Avec près de 83 000 Portugais, le Val-de-Marne est le premier département historique d’accueil de l’immigration portugaise.
Son histoire laissera de nombreuses traces à la fois dans les mémoires mais aussi sur le territoire.
Les grandes vagues de l’immigration portugaise en France
Durant le 19ème siècle et jusqu’à l’aube de la première guerre mondiale, ce ne sont que quelques groupes de portugais qui se déplacent vers la France pour des raisons plus personnelles comme l’attractivité des connaissances et du savoir ou bien suite à l’exil politique. C’est lors de Première Guerre Mondiale que l’on peut observer des flux plus importants avec une forte immigration de travailleurs (près de 15 000) qui fait suite à l’alliance militaire et à l’accord de main-d’œuvre du Portugal avec la France en 1916. Beaucoup de ces soldats et travailleurs décident de rester en France ce qui conduit à l’immigration de leurs proches. Ainsi, on observe un nombre grandissant de Portugais sur le territoire français soit 10 000 en 1921 et 50 000 en 1930.
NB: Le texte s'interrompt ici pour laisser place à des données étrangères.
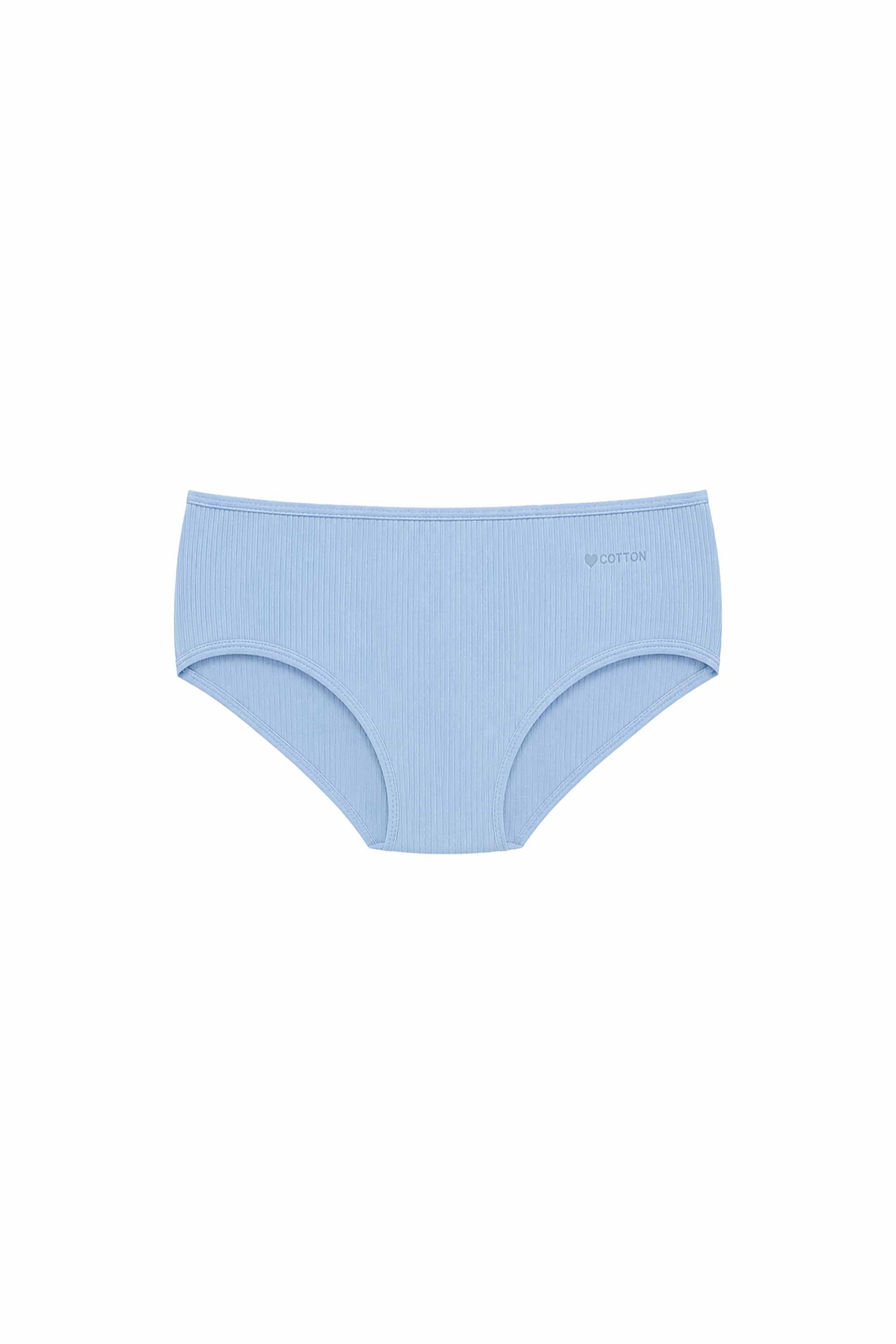 KADIN CAMASIR - BIKINI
Dans le Val-de-Marne et dès les années 1920 et 1930, on retrouve des travailleurs portugais dans le BTP. Les travailleurs portugais étaient surtout recrutés (souvent illégalement) dans les domaines du BTP pour les hommes et dans le service à la personne pour les femmes (bonnes, femmes de ménage et gardiennes d’immeuble). L’immigration était bien souvent réalisée dans des conditions difficiles.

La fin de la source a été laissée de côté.